Wow. I'd like to say these first posts are awesome. They're the exact kinds of expressions I was hoping for; creative and insightful exercises in critical thinking (with maybe a touch of "We told you so.") Now, without tooting my own horn too loudly, I do most of the post editing, but I want to assure contributors and readers (however few) that the edits are strictly grammatical. I never tamper with ideas, which I hope explains the stream of consciousness writing without taking anything away from the authenticity.
Anyway, on to the real topic. A recent article from IGN.com makes the outrageous claim that the latest Call of Duty iteration is the success of five specific innovations. Call me a hater, but this is just a godawful phony baloney statement. Ironically, these same five ideas are perfect descriptions of where the modern shooter has gone wrong. Each of these topics should have their own post here, so I'll try to be brief. "Here we look at some of the greatest innovations that were introduced or streamlined by the Call of Duty series..."
- RPG-elements in an FPS:
The use of experience points to unlock features, weapons, and levels should not be considered an innovation simply for the fact that it's been done so many times before. I don't think it's been done quite as extensively as the Call of Duty series, but a system of addiction added into a game and calling it an innovation is over the top.
These unlockable elements used to be granted through accomplishing something in the game, rather than being ground out through kills and killstreaks. Beating a certain level, or finding a secret area would grant you a new aspect of the game. Gaining these rewards for kills and objectives which you have to do anyway doesn't carry the same weight. It makes for a hollow experience and holds the best parts just over the player's head, just to get them to sit down and play a few more games whether they like to or not.
The existence of a customization system seems only fitting for a game that places so much emphasis on 'leveling up' and gaining new equipment. It dovetails nicely with the addictive component of RPG-elements. There's always that new thing to get, just up ahead. I only need 10,000 more points. One more hour, mom, please?
Why not give all players access to these unlocks except for a rare few ones that have to be found in the singleplayer, or achieved by some other means? Because that might require more work by the designers and time is money. It would also destroy the experience point system, and the next 'innovation'.

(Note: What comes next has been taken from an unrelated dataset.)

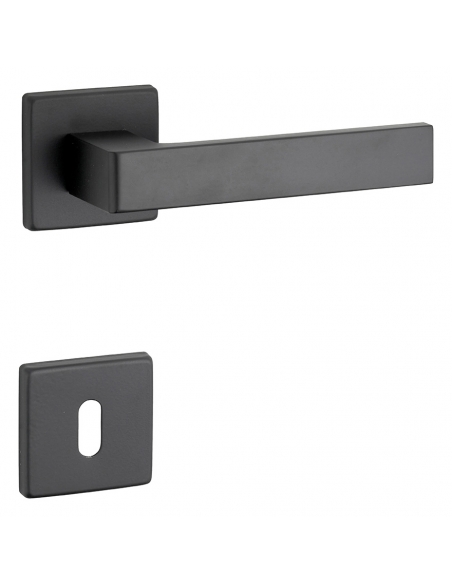 Maniglia di design Zibel, per porta, su rosetta quadrata, nero mat - FROSIO BORTOLO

- RPG-elements in an FPS 2:
I don't know why this is an innovation. It's certainly not one that I care to have any part of. It's another system of fooling the player into having fun, without worrying whether or not the game itself is worthy of it.
Here's a good one. The game rewards players who make many kills in a row by use of special-use items which allow them to kill even more people. Sure, that's innovative. But rewarding a player for multiple kills isn't. A little game called Unreal Tournament came out in 1999, you should look it up. Of all the things that game is memorable for, the kill streak announcer is the best.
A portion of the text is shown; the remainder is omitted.